By Douglas C. Varvil-Weld, Ph.D.

Psychologist

There is no doubt about it, parents worry about their children!  One of the things that parents want most for their children is success at school.  Underachievement at school can be one of the most frustrating challenges for a concerned parent.  In the next few paragraphs, I hope to provide parents with an understanding of the psychology of underachievement and to say a few things about the personal and developmental characteristics of the underachiever.  In the next article I hope to touch on a few principles that parents should keep in mind as they try to be helpful to the underachiever and to offer some practical suggestions for helping the underachieving child with his or her underachievement at school.

All of us, adults and children alike, make efforts to succeed in areas where we both care about the outcome of our efforts and believe that our efforts will lead to success in achieving the outcome that we desire.  If we don't value or desire a particular outcome, we won't work to achieve it.  If we don't believe that our efforts will achieve the outcome, we won't work for it.  A child who does not believe that academic success is important will not work for it.  A child who does not believe that he or she can be successful in school (even if he believes that success at school is important) won't make a consistent effort to do well at school.  If we want our children to be successful at school we must help them understand the value and importance of academic achievement and we should help them believe that they can be successful students.

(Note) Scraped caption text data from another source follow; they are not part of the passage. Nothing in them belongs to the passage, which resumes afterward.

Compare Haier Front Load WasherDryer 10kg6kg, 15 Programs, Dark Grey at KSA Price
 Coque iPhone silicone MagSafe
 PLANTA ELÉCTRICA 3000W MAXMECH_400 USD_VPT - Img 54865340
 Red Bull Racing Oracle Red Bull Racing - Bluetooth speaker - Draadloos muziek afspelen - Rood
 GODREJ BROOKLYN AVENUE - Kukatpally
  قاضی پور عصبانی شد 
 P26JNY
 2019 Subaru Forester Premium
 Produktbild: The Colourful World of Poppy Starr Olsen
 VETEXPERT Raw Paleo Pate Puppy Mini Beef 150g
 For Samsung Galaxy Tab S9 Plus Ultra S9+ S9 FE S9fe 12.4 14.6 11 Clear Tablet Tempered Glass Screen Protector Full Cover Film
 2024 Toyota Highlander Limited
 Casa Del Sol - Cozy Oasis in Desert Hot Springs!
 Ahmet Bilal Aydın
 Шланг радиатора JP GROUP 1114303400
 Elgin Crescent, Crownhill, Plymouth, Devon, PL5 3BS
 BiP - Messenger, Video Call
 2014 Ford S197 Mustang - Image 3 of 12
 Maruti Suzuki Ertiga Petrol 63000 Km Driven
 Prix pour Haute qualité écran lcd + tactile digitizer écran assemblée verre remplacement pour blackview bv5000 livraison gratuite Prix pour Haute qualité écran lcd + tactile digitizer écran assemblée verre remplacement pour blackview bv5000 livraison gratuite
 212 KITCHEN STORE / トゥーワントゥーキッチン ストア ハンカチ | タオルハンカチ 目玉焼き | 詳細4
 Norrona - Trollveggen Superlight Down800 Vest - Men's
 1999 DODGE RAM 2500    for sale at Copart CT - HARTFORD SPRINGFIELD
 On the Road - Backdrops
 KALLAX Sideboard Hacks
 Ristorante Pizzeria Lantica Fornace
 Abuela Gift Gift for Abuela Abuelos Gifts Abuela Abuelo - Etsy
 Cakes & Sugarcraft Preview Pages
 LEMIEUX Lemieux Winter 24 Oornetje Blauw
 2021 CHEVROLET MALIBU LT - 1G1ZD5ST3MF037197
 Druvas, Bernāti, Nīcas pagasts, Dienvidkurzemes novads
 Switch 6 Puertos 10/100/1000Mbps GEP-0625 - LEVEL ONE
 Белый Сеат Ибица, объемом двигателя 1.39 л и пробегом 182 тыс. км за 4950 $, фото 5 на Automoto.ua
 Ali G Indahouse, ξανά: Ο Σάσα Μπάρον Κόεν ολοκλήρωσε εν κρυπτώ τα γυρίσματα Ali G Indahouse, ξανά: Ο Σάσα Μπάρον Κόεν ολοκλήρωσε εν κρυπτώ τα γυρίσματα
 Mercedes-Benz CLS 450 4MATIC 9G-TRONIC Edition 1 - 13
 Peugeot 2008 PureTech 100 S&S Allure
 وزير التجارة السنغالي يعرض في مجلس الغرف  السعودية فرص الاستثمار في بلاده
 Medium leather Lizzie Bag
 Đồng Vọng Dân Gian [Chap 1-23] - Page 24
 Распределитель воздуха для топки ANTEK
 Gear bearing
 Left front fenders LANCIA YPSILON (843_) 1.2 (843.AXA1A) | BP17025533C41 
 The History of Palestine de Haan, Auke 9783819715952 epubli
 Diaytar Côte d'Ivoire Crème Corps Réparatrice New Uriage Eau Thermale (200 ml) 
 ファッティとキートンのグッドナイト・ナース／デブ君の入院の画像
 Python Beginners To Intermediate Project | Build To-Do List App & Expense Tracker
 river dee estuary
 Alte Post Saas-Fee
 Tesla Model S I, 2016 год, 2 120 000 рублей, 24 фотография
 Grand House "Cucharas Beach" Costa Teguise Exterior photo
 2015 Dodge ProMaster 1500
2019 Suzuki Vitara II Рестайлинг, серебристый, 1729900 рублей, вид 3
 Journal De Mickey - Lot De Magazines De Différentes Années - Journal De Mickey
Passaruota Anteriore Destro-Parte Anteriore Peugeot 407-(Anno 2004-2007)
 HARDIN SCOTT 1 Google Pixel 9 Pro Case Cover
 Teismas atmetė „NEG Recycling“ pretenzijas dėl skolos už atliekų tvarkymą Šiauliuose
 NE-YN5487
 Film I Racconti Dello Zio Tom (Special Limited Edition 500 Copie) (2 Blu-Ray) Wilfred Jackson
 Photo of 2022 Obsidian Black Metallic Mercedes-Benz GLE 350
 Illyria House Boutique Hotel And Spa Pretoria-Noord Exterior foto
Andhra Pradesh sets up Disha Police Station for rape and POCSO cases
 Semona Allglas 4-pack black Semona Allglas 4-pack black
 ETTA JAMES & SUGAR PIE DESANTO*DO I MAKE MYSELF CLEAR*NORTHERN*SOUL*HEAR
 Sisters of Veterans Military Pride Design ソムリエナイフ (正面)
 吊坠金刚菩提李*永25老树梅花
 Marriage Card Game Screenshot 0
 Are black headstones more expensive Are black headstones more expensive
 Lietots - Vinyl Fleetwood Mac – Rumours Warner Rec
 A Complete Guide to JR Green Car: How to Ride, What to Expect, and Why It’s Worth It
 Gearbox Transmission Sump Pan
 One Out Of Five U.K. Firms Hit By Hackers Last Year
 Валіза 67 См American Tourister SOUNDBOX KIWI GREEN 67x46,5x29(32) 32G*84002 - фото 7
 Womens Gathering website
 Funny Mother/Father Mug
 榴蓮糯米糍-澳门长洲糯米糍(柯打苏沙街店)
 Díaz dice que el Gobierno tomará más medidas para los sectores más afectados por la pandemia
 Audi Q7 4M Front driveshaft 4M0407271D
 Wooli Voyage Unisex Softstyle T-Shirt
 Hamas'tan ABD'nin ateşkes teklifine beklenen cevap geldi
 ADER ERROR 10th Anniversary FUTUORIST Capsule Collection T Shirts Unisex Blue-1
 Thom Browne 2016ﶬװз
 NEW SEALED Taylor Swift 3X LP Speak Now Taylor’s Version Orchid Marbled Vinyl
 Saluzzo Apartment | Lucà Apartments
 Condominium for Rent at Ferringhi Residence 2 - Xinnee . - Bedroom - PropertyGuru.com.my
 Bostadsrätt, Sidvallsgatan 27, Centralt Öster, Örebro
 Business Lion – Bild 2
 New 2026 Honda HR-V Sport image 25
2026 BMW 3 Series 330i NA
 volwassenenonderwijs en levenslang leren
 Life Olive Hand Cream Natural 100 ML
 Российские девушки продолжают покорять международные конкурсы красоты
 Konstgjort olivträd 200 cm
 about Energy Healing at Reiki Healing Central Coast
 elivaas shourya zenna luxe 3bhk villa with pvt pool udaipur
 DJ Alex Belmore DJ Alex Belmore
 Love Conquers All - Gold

As children grow older (typically by the end of the elementary school years) children develop opinions of themselves regarding their strengths and weaknesses in many areas, including their abilities as students.  As children grow older, these opinions and beliefs that children develop about themselves tend to crystallize (in that they do not change dramatically despite short-term setbacks or successes).  By the beginning of the middle school years, many students have developed firm and somewhat inflexible beliefs about themselves as students and about their ability to achieve as students.  For under-achievers, these beliefs tend to be fairly negative.  Many academic underachievers tend to be pessimistic in that they have lost faith in themselves in their ability to achieve.  Academic achievers, on the other hand, tend to be optimistic students, having come to believe that if they make an effort at school then good things will happen and they will be successful.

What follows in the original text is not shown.